----- Material for this task -----
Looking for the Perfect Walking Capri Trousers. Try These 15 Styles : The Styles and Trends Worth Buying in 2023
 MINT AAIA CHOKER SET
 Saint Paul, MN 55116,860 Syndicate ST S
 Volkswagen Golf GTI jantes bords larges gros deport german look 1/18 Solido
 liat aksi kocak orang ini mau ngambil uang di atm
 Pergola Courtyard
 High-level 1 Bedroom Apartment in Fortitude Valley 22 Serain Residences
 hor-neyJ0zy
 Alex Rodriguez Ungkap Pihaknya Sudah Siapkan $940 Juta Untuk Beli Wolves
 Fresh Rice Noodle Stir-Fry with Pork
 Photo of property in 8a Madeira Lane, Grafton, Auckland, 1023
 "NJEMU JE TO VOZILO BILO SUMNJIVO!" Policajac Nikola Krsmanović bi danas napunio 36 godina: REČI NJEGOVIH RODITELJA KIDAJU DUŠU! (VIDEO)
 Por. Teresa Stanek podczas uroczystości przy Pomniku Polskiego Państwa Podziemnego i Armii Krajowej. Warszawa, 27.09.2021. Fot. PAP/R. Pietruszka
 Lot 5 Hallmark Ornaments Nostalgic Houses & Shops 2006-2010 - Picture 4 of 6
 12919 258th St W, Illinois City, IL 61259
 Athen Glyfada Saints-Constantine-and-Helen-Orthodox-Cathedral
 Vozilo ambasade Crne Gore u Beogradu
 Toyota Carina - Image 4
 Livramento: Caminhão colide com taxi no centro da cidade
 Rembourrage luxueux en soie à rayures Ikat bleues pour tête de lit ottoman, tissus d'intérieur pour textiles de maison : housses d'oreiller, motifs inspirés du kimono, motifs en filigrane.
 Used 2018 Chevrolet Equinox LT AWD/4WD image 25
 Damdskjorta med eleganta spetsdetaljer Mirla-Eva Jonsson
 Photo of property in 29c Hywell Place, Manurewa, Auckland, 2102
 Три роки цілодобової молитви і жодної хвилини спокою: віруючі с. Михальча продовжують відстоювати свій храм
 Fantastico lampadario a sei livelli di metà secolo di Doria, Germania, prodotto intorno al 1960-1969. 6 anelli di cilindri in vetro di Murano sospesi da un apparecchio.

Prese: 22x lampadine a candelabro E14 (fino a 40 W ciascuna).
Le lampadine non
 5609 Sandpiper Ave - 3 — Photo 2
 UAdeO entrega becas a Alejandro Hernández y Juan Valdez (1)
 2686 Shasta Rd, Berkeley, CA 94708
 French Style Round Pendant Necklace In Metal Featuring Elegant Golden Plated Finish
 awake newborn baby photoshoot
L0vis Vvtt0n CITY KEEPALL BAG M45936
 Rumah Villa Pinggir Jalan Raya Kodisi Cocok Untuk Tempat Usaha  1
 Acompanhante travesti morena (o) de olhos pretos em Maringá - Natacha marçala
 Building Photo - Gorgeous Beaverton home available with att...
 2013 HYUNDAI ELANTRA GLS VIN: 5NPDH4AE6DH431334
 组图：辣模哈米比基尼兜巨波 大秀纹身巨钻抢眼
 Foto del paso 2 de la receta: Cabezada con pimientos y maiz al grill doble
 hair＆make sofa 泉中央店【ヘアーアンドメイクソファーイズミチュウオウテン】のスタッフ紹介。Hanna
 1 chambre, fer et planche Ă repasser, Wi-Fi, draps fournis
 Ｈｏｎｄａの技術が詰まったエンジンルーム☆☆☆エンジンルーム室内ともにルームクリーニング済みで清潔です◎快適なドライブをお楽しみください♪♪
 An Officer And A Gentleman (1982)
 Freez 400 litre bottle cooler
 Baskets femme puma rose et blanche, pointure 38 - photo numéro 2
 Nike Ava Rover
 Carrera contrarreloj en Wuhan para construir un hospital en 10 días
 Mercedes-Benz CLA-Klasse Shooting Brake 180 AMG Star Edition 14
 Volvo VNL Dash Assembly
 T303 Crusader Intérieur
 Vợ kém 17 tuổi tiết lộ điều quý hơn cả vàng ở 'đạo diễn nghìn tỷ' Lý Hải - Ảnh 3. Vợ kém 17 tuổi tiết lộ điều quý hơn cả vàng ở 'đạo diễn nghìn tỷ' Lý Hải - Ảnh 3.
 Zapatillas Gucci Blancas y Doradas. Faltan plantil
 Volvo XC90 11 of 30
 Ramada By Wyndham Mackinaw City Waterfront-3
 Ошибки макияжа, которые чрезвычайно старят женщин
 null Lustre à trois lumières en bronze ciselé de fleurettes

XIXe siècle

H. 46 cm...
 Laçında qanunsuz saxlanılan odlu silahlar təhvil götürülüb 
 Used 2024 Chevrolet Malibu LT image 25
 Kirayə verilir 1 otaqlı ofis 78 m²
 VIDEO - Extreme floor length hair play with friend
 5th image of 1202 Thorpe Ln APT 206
-----
Aim of the exercise: Could you transcribe the entries above word for word, from the line with "Photo of property in 8a" down to the line with "Foto del paso", keeping both?

Answer section:
 Photo of property in 8a Madeira Lane, Grafton, Auckland, 1023
 "NJEMU JE TO VOZILO BILO SUMNJIVO!" Policajac Nikola Krsmanović bi danas napunio 36 godina: REČI NJEGOVIH RODITELJA KIDAJU DUŠU! (VIDEO)
 Por. Teresa Stanek podczas uroczystości przy Pomniku Polskiego Państwa Podziemnego i Armii Krajowej. Warszawa, 27.09.2021. Fot. PAP/R. Pietruszka
 Lot 5 Hallmark Ornaments Nostalgic Houses & Shops 2006-2010 - Picture 4 of 6
 12919 258th St W, Illinois City, IL 61259
 Athen Glyfada Saints-Constantine-and-Helen-Orthodox-Cathedral
 Vozilo ambasade Crne Gore u Beogradu
 Toyota Carina - Image 4
 Livramento: Caminhão colide com taxi no centro da cidade
 Rembourrage luxueux en soie à rayures Ikat bleues pour tête de lit ottoman, tissus d'intérieur pour textiles de maison : housses d'oreiller, motifs inspirés du kimono, motifs en filigrane.
 Used 2018 Chevrolet Equinox LT AWD/4WD image 25
 Damdskjorta med eleganta spetsdetaljer Mirla-Eva Jonsson
 Photo of property in 29c Hywell Place, Manurewa, Auckland, 2102
 Три роки цілодобової молитви і жодної хвилини спокою: віруючі с. Михальча продовжують відстоювати свій храм
 Fantastico lampadario a sei livelli di metà secolo di Doria, Germania, prodotto intorno al 1960-1969. 6 anelli di cilindri in vetro di Murano sospesi da un apparecchio.

Prese: 22x lampadine a candelabro E14 (fino a 40 W ciascuna).
Le lampadine non
 5609 Sandpiper Ave - 3 — Photo 2
 UAdeO entrega becas a Alejandro Hernández y Juan Valdez (1)
 2686 Shasta Rd, Berkeley, CA 94708
 French Style Round Pendant Necklace In Metal Featuring Elegant Golden Plated Finish
 awake newborn baby photoshoot
L0vis Vvtt0n CITY KEEPALL BAG M45936
 Rumah Villa Pinggir Jalan Raya Kodisi Cocok Untuk Tempat Usaha  1
 Acompanhante travesti morena (o) de olhos pretos em Maringá - Natacha marçala
 Building Photo - Gorgeous Beaverton home available with att...
 2013 HYUNDAI ELANTRA GLS VIN: 5NPDH4AE6DH431334
 组图：辣模哈米比基尼兜巨波 大秀纹身巨钻抢眼
 Foto del paso 2 de la receta: Cabezada con pimientos y maiz al grill doble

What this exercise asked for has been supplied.